Norine, at any rate, did not live in some remote part of Greenwich Village, as might have been expected. Her apartment was quite near the New Weston Hotel, on a pretty street a block east of the Lexington Avenue subway stop that had trees and private houses with window boxes, a block just as good as Kay’s block, if not somewhat better. This surprised Helena. She found Norine, dressed in an old pair of ski pants, a sweat shirt, and a man’s leather jacket, sitting on the front stoop of a yellow stucco house and anxiously scanning the street; her hand shaded her eyes. “Sister Ann, Sister Ann,” Helena, who knew most of the fairy tales in Grimm and Perrault by heart, muttered to herself, “do you see anyone coming?” Putnam’s bluish beard, a razored shadow on his white face, had caught her notice the night before.
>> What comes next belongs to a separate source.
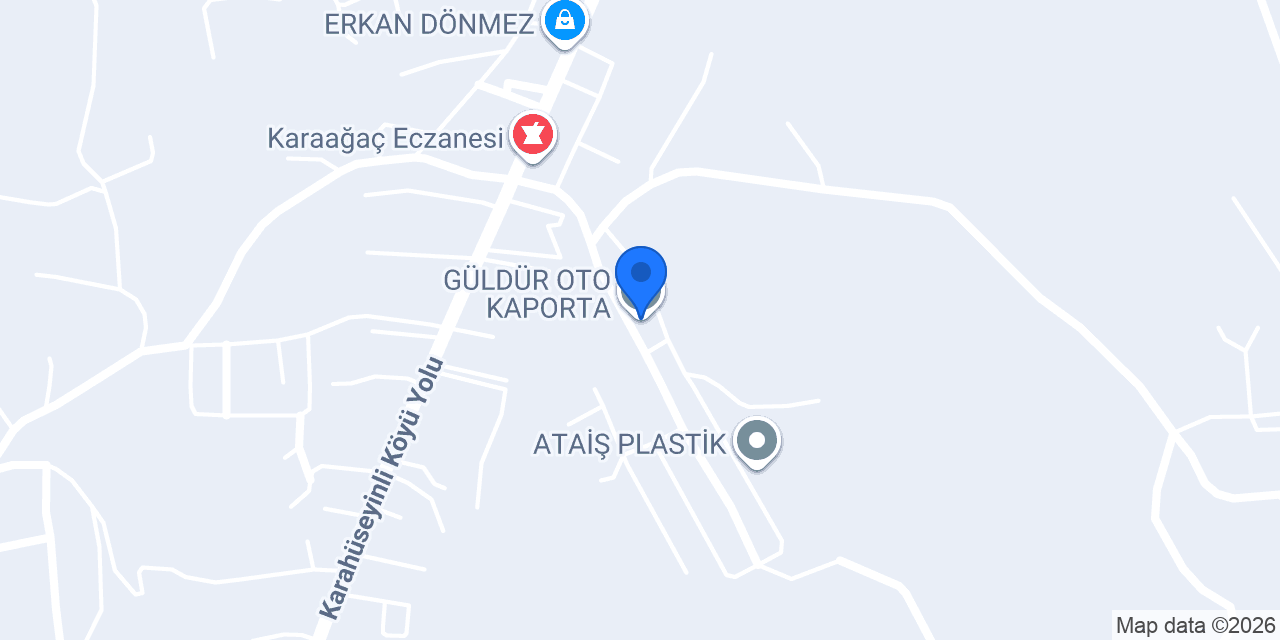 GÜLDÜR OTO KAPORTA konumu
Sighting Helena, in her ocelot coat and bobbing Robin Hood cap with a feather, Norine waved and beckoned. “Put has just gone,” she reported. “You can come in.” She led Helena through an arched doorway into the ground floor of the house and past the open door of what appeared to be an office. The house, she explained, interrupting herself to call a greeting to someone unseen in the office, belonged to a firm of modern decorators, husband and wife, who had been hit by the depression; they lived on two floors upstairs and rented the garden apartment, which had formerly been a showroom, to Norine and Put; the top floor was rented to a secretary who worked for a law firm in Wall Street and doubled as a paid correspondent in divorce cases—“the Woman Taken in Adultery,” Norine appended with a terse laugh.